また、前述のように教員同士で子供のことを語る機会が少なくなったと感じます。多様な教育観・指導観に触れる場がなく、また子供を理解し合うコミュニケーションが少なくなっていけば、日常的な学びの機会、成長につながるきっかけは間違いなく失われていきます。これからの教育現場では、まさに「自分から学びの機会を創出できる教師」しか生き残れなくなっていくようにも思います。
教員の主体性が軽視されると、「やっつけ」仕事で「言われたことだけやればいい」状態に陥る可能性が高まります。また、子供とのコミュニケーションが十分に取れないまま、ルールが強化され、ますます子供たちを追い詰めてしまう可能性も高まるかもしれません。
それを防ぐためには、教員一人一人が「自分の働き方」を自分事として考えることが大切です。それは授業でも、学級経営でも、子供たちとの対話でも、自分たちで枠組みがつくれる部分をどこかに確保することであるとも言えます。そのためには「自分でコントロールできることは何か」を、教員が真剣に考える必要があります。
自分でコントロールできることは何か
押し付けの「働き方改革」に淡い期待を抱き続けるよりも、自分でコントロールできることを少しでも見つけられれば、 自分らしい働き方を確保できます。
そのための具体的な方法は以下のとおりです。
まずは、自分にとって一番大事なものは何かを明らかにすることから始めます。
私は仕事を、下の図のようなものだと認識しています。
私にとって一番大事なものは、図のAのエリアにあります。本質的な重要度が高く、仕事のデキやクオリティを高めたいものであり、これを「神聖なエリア」と表現しておきます。具体的には学級経営、子供理解、正の変化を引き出す授業などです。
ただ、Aにたどり着くには、Dから始めなければなりません。Dは成果が上がらないし、時間・労力に見合わない仕事なのですが、質を問われないので、とりあえずこなせばいいという仕事のことを言います。その後、Bのマストゾーンに入ります。ここは義務付けられて、やらなくてはいけないことです。Bの中には、子供の正の変化につながることもあるので軽視はできませんが、そうでないマスト仕事もあります。やがてBを通って、最終的に神聖なエリアに到達できるわけです。

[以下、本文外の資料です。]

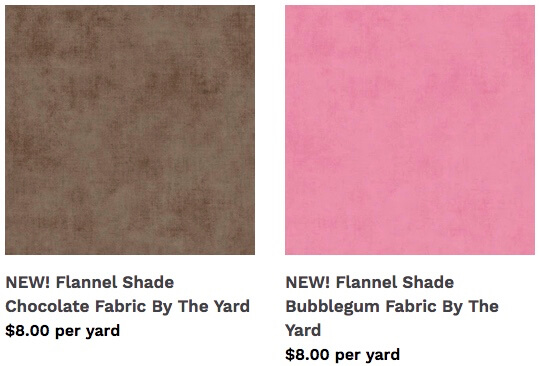 Flannel Fabric Collections Available at Nancy Zieman Productions at ShopNZP.com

つまり、Aにたどり着くために、DとBのゾーンを通るのであり、それをなしにして、いきなりAだけやろうとするのは、どんな仕事でもあり得ないことだと認識しておきます。この捉え方をベースにしておくことで、「名前のつかない教育活動」も大切にしようという感覚が養われるような気がします。
「名前のつかない教育活動」とは、例えば、コピー機に用紙が入っていないときに補充するとか、子供の水筒のふたが外れていてかばんの中が水浸しになり濡れてしまった教科書を干すとか、プリントを印刷するときに他のクラスの分も一緒にしておく……などのことを言います。それらの仕事は、直接的な指導には結びつかないかもしれません。しかし、そういう「名前のつかない」仕事もあるのが学校という場です。これらを私は「名前がつかない教育活動」と呼んでおり、授業や学級経営に結び付かなくても、とても大事な仕事だと思っています。
そのことを理解していないと、文句ばかり言うようになってしまうのではないでしょうか。Aの神聖なエリアの仕事ができないから、「この仕事はつまらない、魅力がない、思っていたイメージと違う」と判断してしまうよりも、そこにたどり着くまでにはいろいろなことがあるという考え方をすると、授業や子供たちのことを考えることを「待ち遠しい」「早くそこにたどり着こう」と考えることもできるのではないかと思います。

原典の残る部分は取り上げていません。